Mekanların içine hapsolmuş anılar bizi kendine doğru çektikçe kendi zamanımızda birkaç kez geriye gidip geliriz, Laura’nın ailesinin yanına döndüğünde yaşamış olduğu şeyler de bunun bir parçasıdır. Aritmik bir şekilde ilerleyen sekanslar her zaman hatırlanmaya değer olan şeyleri ortaya çıkarıyor. Hatırlanan bazı anıların, ait olduğu mekanlarına dönerken bir şeyleri hatırlamasına sebep olan anıları saklamaya çalışan Laura’nın yaşadığı ikilem oldukça realist bir yaklaşımla çekilmiş. Laura evine döndüğünde, evdekiler için dünya, Laura’nın gezdiği yerler değil. Aksine dünya onlar için evlerinin kapısından çıktığı, yurtlarından, mahallelerinden hiç uzaklaşmadığı o yerler. Bu açıdan Laura’nın dünyası ile ailesi arasında her zaman oldukça tutumlu bir ayrılık söz konusu. Gözlerimiz Laura için her zaman doldurulacak boş bir sayfa aramış olsa da onun için tüm sayfaların yırtılmış olduğunu görüyoruz. Koca bir umutsuzluk, geleceksiz bir hayatın pençesine tutunmuş olan Laura’nın tüm bu arayışı çölde bir şelale arama çilesi içine girmek gibi.

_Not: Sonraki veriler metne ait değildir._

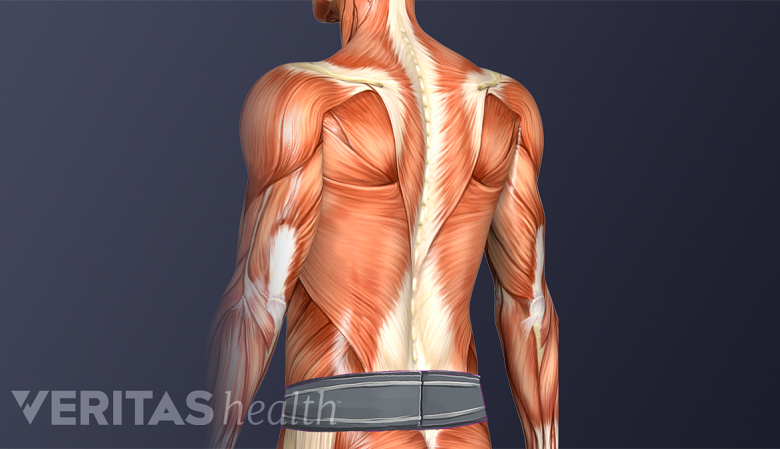 Illustration showing sacral belt in the lower back.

Filmin görüntü yönetmenliğini yapan Manuel Alberto Claro’nun, filmde yaşayan ama cansız bir kalıntı olan Laura karakterine odaklandığı her sahnede, homojen bir zamanın görselliğinde kaybolabilirsiniz. Persona Non Grata’da “terk etmek” fiilinin şimdiki zamanı, geçmiş zamanından bir türlü kurtulamayan bir eylem olarak sürüyor. Öyle ki filmin sonunda “terk etmek” hâlâ zamanda bir değişim kazanmıyor, bu fiil, filmde her zaman şimdiki zaman içerisinde sürüp gidiyor. Bu bakımdan biz Laura’nın geçmişine dair sekanslar gördüğümüzde bile her zaman onun şimdiki zamanına tüneyebiliyoruz. Bu da Persona Non Grata’nın zamansallığının tüm zincirlerini kırıyor ve hepimizi şimdiki zamana yabancı bırakıyor.